Above Photo: From CreativeResistance.org.
Note: Students walked out in support of the faculty. RT reports that in response to substitutes hired that “Many students said classes that began last Wednesday were disorganized, that teachers were handing out syllabi but cutting classes short, and not teaching.‘We’re aren’t planning to go back to class at all until our professors are back,” Sharda Mohammed, a sophomore studying philosophy, told Gothamist. “I walked into my English class and the guy gave us a syllabus and told us we could leave. He couldn’t even pronounce the names of the books.’”

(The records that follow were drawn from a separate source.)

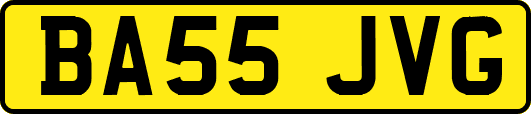 BA55JVG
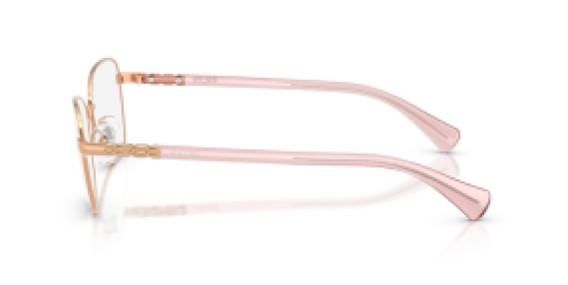 Ralph Lauren RA 6062 9427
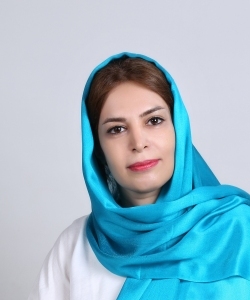 Dr negar fouladi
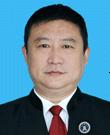 &#24320;&#20113;&#30331;&#38470;&#20837;&#21475;&#45;&#24320;&#20113;&#111;&#110;&#108;&#105;&#110;&#101;&#40;&#20013;&#22269;&#41;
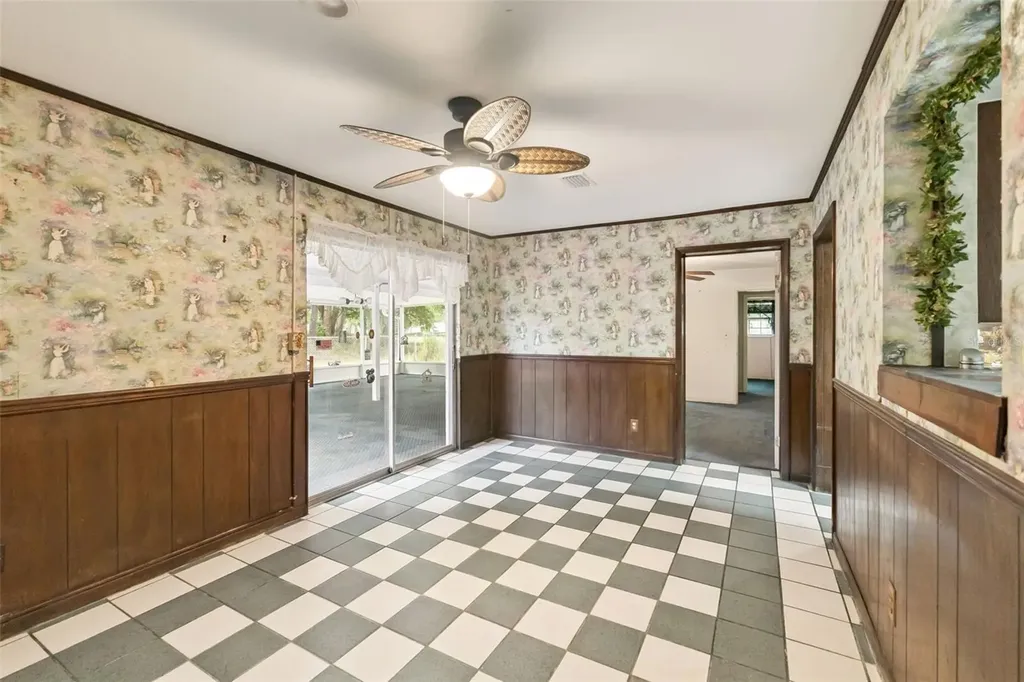 1507 Margina Avenue Daytona Beach FL 32114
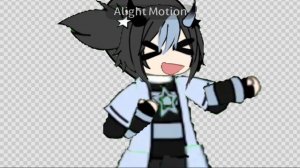 помогите меня хотят кошке скормить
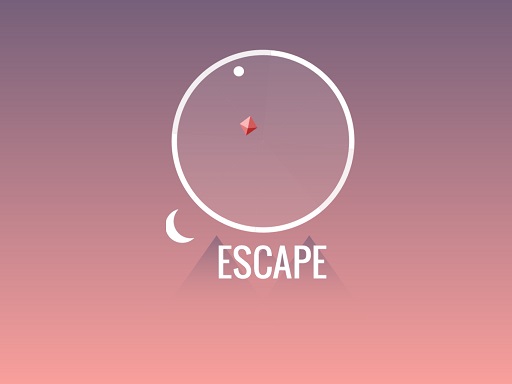 Read more about the article Escape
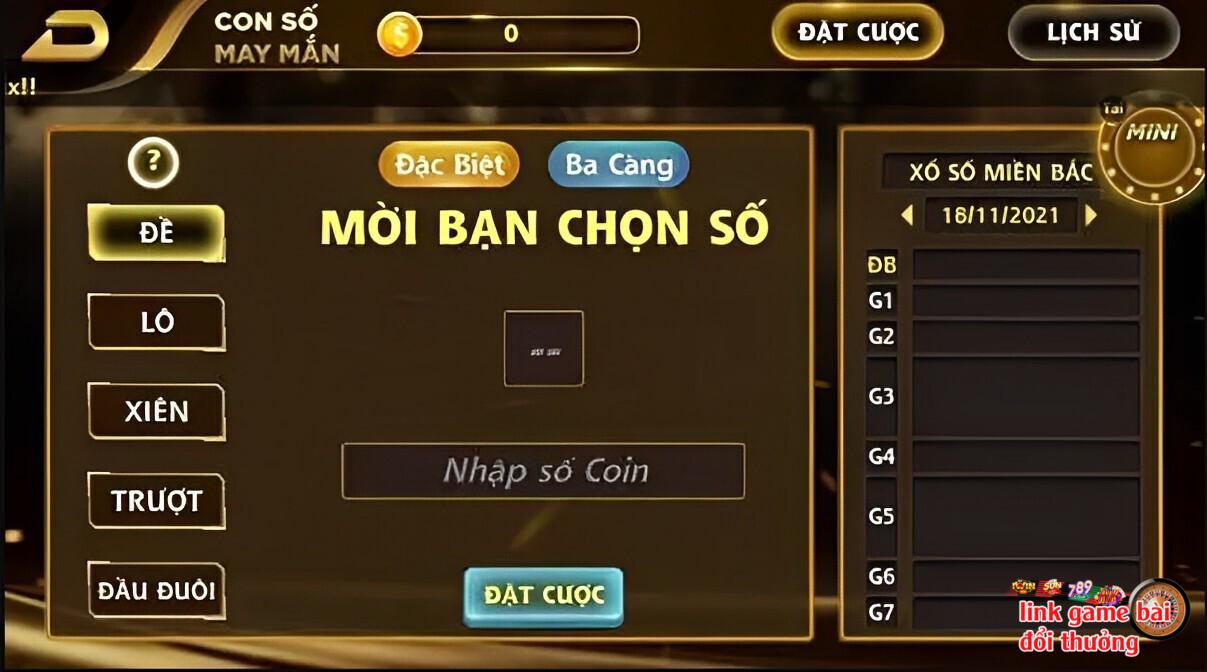 Cổng game X168 Pro  có thực sự uy tín và an toàn?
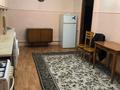 3-комнатный дом помесячно, 90 м², 2.5 сот., мкр Орбита-1 7 за 250 000 〒 в Алматы, Бостандыкский р-н — фото 7
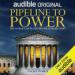 Pipeline to Power
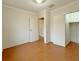 14 Dusky Crescent, Tarneit VIC 3029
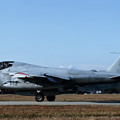 A-6E 161689 WK-506 VMA(AW)224 RJFZ 1987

Thank you to our colleagues at the American Association of University Professors for their statement on our behalf.
September 6, 2016
Statement on LIU Brooklyn Lockout
Over the Labor Day weekend, the administration of Long Island University (LIU) announced an unprecedented lockout of all 400 members of its Brooklyn campus faculty union (the Long Island University Faculty Federation) in the midst of ongoing contract negotiations and in the absence of a strike, apparently in order to coerce faculty members into accepting the administration’s last offer. As of September 3, LIU Brooklyn faculty members were deprived, not only of their professional duties, but of their salaries, benefits, and access to their university e-mail accounts.
The American Association of University Professors deplores this action and supports the right of the LIU Brooklyn faculty to collectively bargain in good faith with its administration. As our Statement on Collective Bargaining asserts, “The principle of shared authority and responsibility requires a process of discussion, persuasion, and accommodation within a climate of mutual concern and trust. Where that process and climate exist, there should be no need for any party to resort to devices of economic pressure such as strikes, lockouts, or unilateral changes in terms and conditions of employment by faculty or academic management.”
On September 4, the LIU faculty senate wrote the board of trustees to denounce “the hostile and destructive action taken against all professors at the Brooklyn campus.” The senate’s letter also protests past administrative actions that it said contravened “the idea of shared governance.” By denying LIU Brooklyn faculty members access to their e-mail accounts and to the university’s website, the letter further states, the lockout has made the faculty senate unable to function, as half its members are affected.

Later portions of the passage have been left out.